All of the shops in town offer equipment rentals and can help you get booked on a trip. As a new diver, you'll want to do an "inshore" trip on one of the shallower sites. Logbooks for most of these trips isn't really an issue. Check around with the shops and find one you like that can meet your needs. Many of the Captains will run for any of the shops in town. The shop will be able to answer all of your questions and help you get in touch with the Captain if you'd like to discuss things with him/her.

I do have to say that I'm partial to MBT becauseMBT paysmy rent :bowdown

You can give us a call at 455-7702

Jim


----------



## UgaFish2011 (Jun 15, 2008)

ok cool thanks for the info. cant wait to get down there and get in the water.


----------



## Clay-Doh (Oct 2, 2007)

Welcome Uga!

There are a number of good dive charterscaptains around. One of my best friends happens to run a dive charter, Due South Custom Charters, and he is on the forum as DKdiver, and he books alot thru MBT, (850) 455-7702. And since he is one of my good friends, and happened to be my instructor, and I happen to deck hand for him, you can guess who I would recomend!
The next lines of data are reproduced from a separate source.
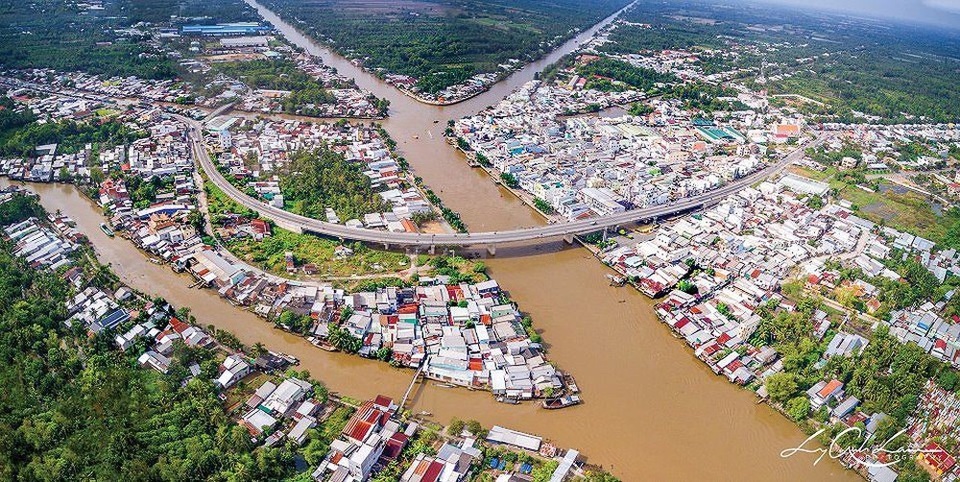 Đất nền Hậu Giang - tiềm năng đón sóng đầu tư - 1 Đất nền Hậu Giang - tiềm năng đón sóng đầu tư - 1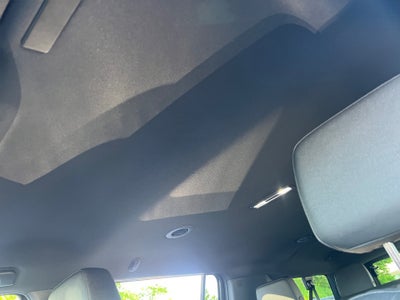 2025 Chevrolet Suburban 2WD LT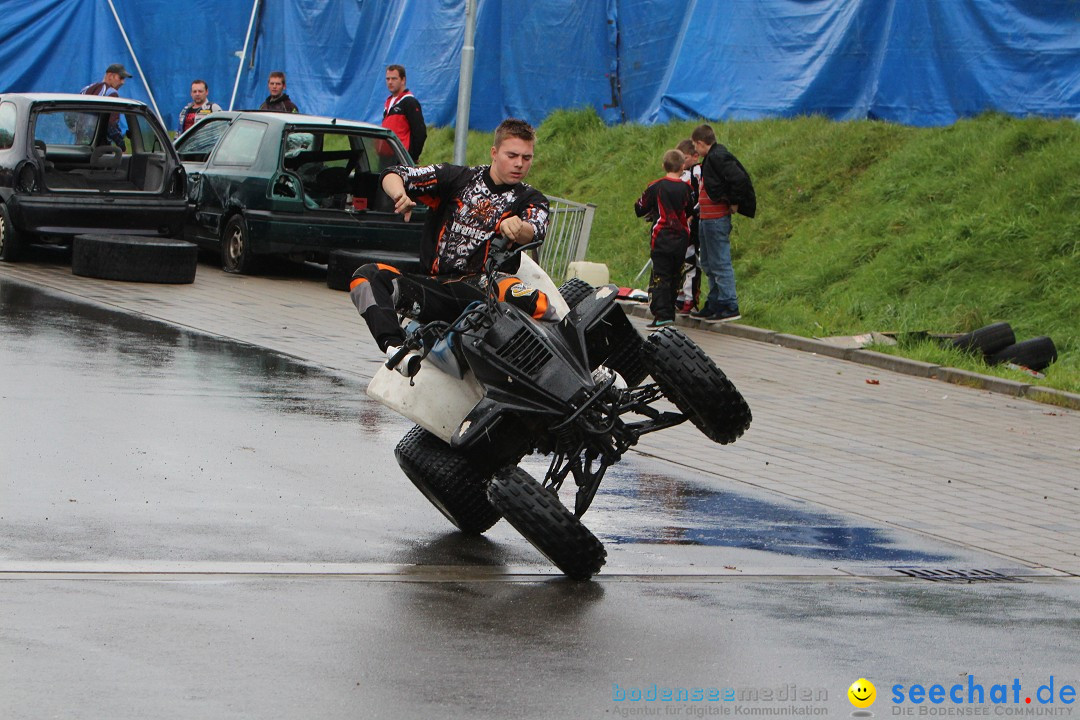 Monster Truck Show: Orsingen am Bodensee, 20.10.2013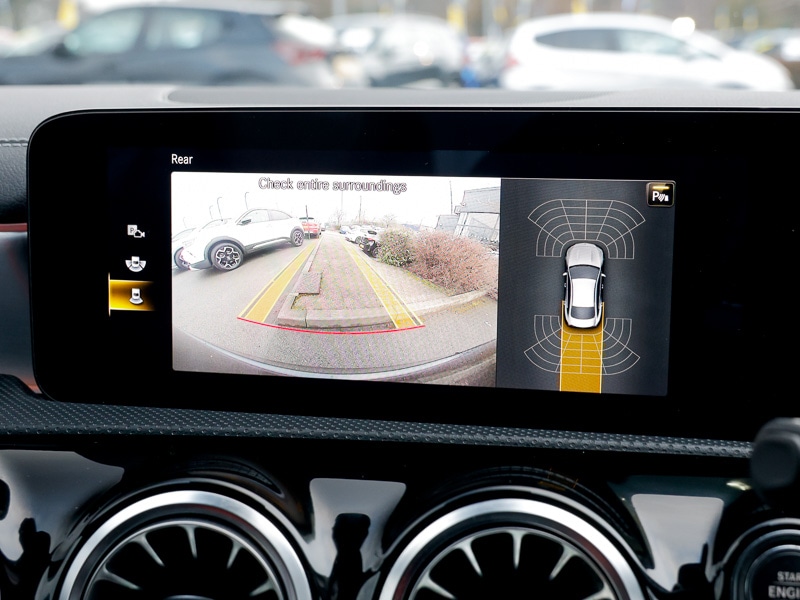 Used Mercedes-Benz CLA 2020 for sale - 77623896: Photo 16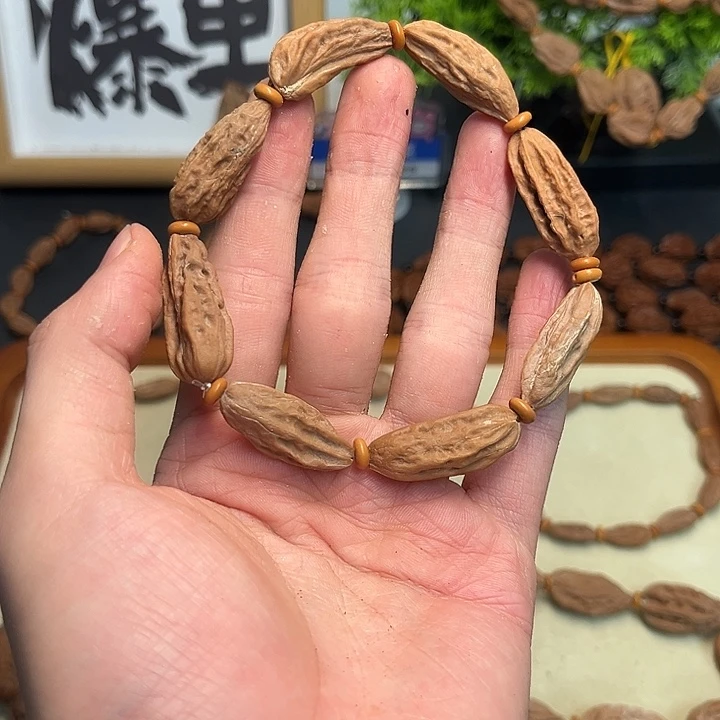 文玩核桃吊坠核桃25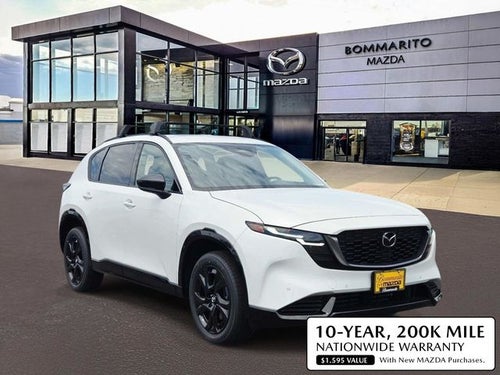 2026 Mazda Mazda CX-5 2.5 S Premium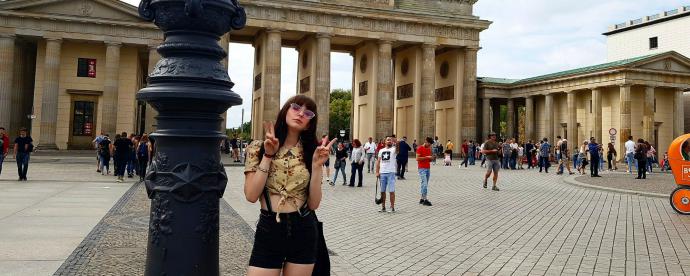 Meet the Team: Vakantie Dilemma's met Amy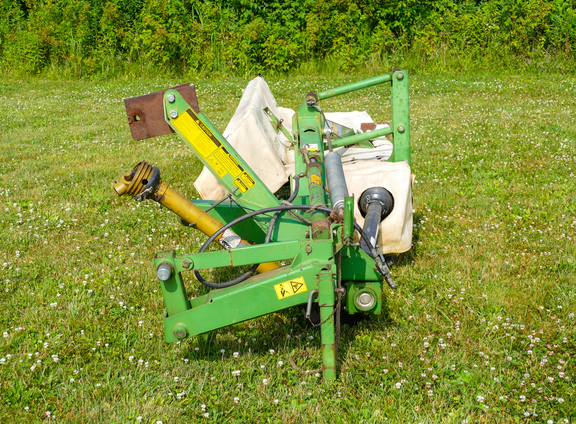 2005 Krone EC280 Mower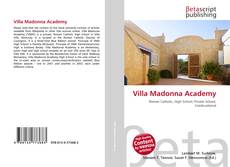 Обложка Villa Madonna Academy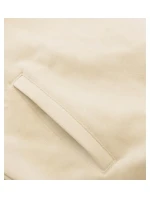 Moon dámska mikina khaki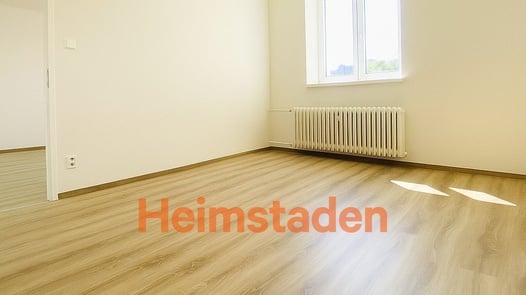Pronájem bytu 2+1 56 m², Ostrava-Poruba - Ostrava - Poruba
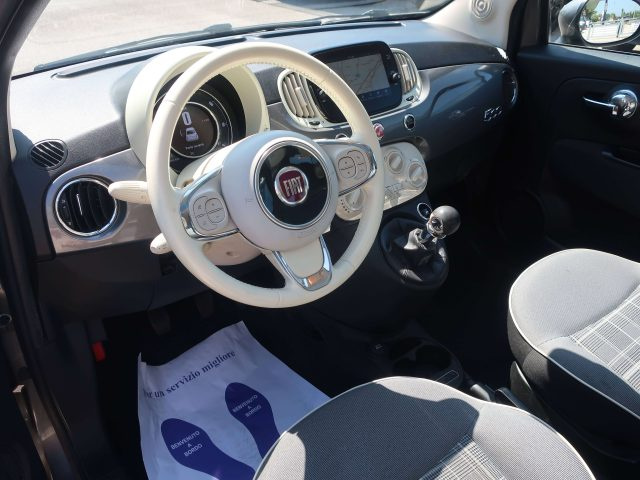 Fiat 500 500 1.2 Lounge s&s - Prezzo reale - foto 3 di 4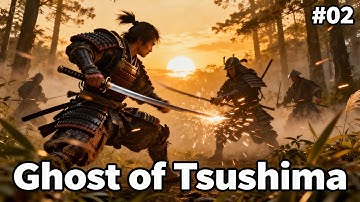 I Broke the Samurai Code to Save Yuna’s Brother | Ghost of Tsushima Gameplay Part 2
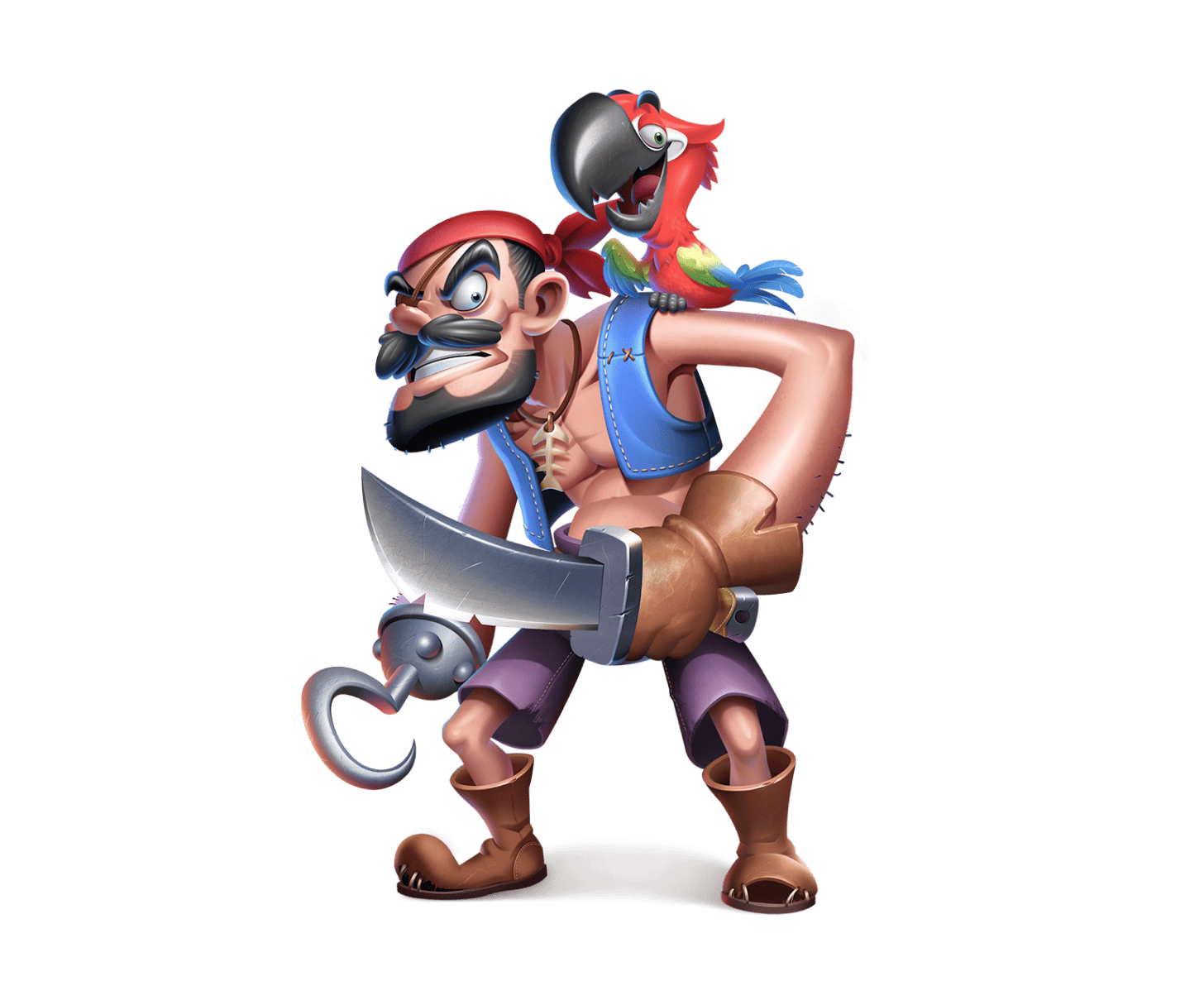 清新自然灯光化妆镜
And MBT is my favorite shop, cuz I am friends with most the people there, and dive with some of em. But more importantly, they put up with ME, which is asking a lot! They are a really good shop, have all the rental gear and tanks ya need too.

You should have a great trip when you get down here..lot of good places to dive! If you wanna see video of some of the sites, check out the link in my signature below to our website, Team Chunky Love.

Good luck, and keep us posted!


----------



## FelixH (Sep 28, 2007)

I've been out with Capt. Kevin of holy Spear-It Charters, Capt. Dalton of Due South Custom Charters, and Capt. Doug of the charter boat H2OBelow (what is it?? Two Wire Charters? Three Wire Charters? Sorry, can't remember at the moment).

I highly recommend Any of these guys. I believe the H2O below primarily does Oriskany trips. The other two will pretty much go anywhere you want to go, including the "O".

Get with MBT and let them know what kind of diving you want to do. They'll guide you to the charter that will best suit your needs and your schedule.


----------